Would you buy this ski? Yes – 1 No – 2 (would buy in a longer size, other skier cited cost as too high)
Ski rating: 3.5
Kastle designed this ski for the traditionalists among us. Those who still value an aesthetic (fully completed) carved turn and laugh at the kids with the clown shoe 120+ waisted sticks noodling about on a chalk day. These are the types of skiers who like the power, pop and liveliness only camber can provide and don’t mind being *in* the snow, skiing a bit slower, on a powder day.
It came of little surprise this ski ripped hard pack better than most skis in the test. “It excels on groomers, wind-buff, chalky snow, spring-slush” said one tester. “Good rebound out of turns, the more you drive them the more lively they get” said another tester. With a longer radius and very little early rise it may have been the best groomer ski in the test. To add, with its traditionalist camber profile and two thin sheets of metal wrapping the core, the ski proved very predictable, damp and stable in variable conditions. The ski was on the stiffer end of the spectrum though hardly a plank. All three skiers commented on the ski having a good on snow feel.
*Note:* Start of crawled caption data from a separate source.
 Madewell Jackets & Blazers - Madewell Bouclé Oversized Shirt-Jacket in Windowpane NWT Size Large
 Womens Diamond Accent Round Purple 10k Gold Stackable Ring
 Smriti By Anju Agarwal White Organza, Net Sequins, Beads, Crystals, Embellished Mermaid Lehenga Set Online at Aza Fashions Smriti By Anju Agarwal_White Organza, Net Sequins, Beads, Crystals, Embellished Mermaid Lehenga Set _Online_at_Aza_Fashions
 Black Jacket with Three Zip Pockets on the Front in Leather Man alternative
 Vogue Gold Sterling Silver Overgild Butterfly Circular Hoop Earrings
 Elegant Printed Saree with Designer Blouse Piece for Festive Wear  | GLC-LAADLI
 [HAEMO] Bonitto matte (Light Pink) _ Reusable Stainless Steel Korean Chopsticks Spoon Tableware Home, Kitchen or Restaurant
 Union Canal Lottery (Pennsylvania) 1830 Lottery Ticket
Though on the shorter end, one tester noted it wasn’t the easiest ski to release the edge and vary your turn radius with which could be attributed to either the tune, flex and/or traditional camber. “I found myself making hop turns in steeper terrain where I’d likely be sliding a turn on more modern shapes”
When things got deep testers found themselves reverting back to more old school technique. Unweighting the ski more than rolling the base and “surfing” through turns. Considering the ski’s shape, again, this shouldn’t be a huge surprise. Was it not fun on a powder day? Well, our take is skiing powder is fun no matter what. This is just a different, often slower style of skiing that demands a little more attention. While we’d prefer something more like the Supernatural 115 or the Hoji as our “one ski quiver” for deeper days, the FX is hardly not-fun. Plus, lets be honest, powder days are more like powder hours these days. You’ll find yourself with a far more precise tool after the snow gets skied out than your buds on 120+ waisted Cadillacs.
As a backcountry tool, though it does have a ski clip, the ski is a bit on the heavy side at around 5 pounds. That said, the FX104 could be an excellent corn ski in the spring. For those looking to smash every powder stash in the side/backcountry there are better (lighter and more floaty) skis.
Our take is pretty simple. If you need a do everything ski for a place like Jackson and your friends have nicknames for you like “Old School” take a hard look at the FX104. That said, if I still lived on the front range of Colorado, I’d be highly considering the FX104 for a place like Winter Park, A-Basin, Loveland or similar. For Jackson, the FX104 is a great all-business no-frills compliment to any quiver for the skier who has a number of skis and needs something that’ll excel in harder conditions.